Perhaps first I can try to put the mind of the noble Baroness at rest about the question of the charities. I acknowledge her point about the difficulties of providing supervision for contracts which are carried out through companies set up by assisted FE establishments (such as the ILEA polytechnics) in order to preserve their charitable status. But I do not think that there is any cause for alarm here, because the subsection has been carefully drafted so as to refer only to agreements carried out under subsection (1)(a)—that is to say, agreements carried out by a local authority through further education establishments provided by them. This provision does not bite either upon companies' activities under the Bill, or upon those separately constituted or assisted FE establishments.

The noble Baroness has made her point convincingly. When this subsection was drafted it was intended to provide an additional safeguard to ensure that the powers conferred by Clause 2(1)(a) were not abused in such a way as to permit authorities to engage in commercial activities having little or no connection with the primary work of the institution. The theory was that by requiring every contract to be supervised by an employee of the establishment, it would be difficult for spurious ventures to spring up, because employees on the establishment's staff might not be prepared to devote their time to supervising such activities.
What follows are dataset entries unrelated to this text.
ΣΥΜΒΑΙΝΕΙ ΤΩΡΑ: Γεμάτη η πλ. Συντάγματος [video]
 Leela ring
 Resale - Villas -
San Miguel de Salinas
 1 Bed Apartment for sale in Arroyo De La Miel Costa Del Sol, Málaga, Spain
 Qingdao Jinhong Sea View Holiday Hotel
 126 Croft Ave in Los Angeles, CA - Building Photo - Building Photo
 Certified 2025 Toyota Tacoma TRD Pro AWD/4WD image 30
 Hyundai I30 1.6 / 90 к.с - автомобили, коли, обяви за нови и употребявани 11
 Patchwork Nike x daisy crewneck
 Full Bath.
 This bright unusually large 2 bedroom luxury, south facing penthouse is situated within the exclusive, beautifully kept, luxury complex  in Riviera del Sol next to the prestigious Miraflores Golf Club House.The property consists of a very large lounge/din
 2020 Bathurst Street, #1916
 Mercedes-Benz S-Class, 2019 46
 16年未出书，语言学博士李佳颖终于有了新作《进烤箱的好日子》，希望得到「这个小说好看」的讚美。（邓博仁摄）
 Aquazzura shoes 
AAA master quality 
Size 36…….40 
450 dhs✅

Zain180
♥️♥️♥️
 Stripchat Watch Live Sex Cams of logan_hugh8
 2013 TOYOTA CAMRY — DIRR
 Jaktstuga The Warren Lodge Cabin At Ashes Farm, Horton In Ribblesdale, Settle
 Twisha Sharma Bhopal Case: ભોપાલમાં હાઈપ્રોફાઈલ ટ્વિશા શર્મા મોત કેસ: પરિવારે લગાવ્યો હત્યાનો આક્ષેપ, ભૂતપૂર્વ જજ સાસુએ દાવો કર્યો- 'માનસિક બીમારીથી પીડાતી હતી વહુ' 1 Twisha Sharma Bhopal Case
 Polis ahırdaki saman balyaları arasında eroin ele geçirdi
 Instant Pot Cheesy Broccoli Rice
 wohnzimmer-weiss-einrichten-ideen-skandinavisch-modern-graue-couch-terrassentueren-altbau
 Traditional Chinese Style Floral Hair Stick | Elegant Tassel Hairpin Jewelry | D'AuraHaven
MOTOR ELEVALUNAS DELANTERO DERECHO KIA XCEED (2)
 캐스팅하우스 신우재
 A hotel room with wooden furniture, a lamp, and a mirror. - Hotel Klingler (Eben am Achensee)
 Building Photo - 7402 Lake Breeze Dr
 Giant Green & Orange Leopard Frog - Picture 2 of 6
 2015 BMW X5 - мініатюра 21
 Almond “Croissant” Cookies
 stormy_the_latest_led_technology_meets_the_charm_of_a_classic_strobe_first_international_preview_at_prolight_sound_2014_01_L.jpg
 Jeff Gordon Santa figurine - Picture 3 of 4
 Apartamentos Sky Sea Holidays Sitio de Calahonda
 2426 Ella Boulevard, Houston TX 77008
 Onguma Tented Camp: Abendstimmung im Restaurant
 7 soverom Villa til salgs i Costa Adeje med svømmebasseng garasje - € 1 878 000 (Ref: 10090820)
I would accept that in practice this restriction could not apply anyway to the activities of companies, which will be free-standing enterprises; and I am persuaded by the noble Baroness that little is gained by its retention in relation to activities undertaken by FE establishments direct in their own right—the scope of which will of course be subject to the restrictions imposed by Clause 1 of the Bill. Accordingly, it gives me great pleasure to accept the amendment of the noble Baroness.

Baroness David

I need hardly say how delighted I am to have achieved something.

The Earl of Swinton

You have achieved a lot.

Baroness David

I thank the Minister wholeheartedly.

On Question, amendment agreed to.

Baroness David moved Amendment No. 6: Page 2, line 42, at end insert ("or (c) for a body which is considered by a local education authority to be appearing to subsidise the educational work of a further educational establishment provided by them.").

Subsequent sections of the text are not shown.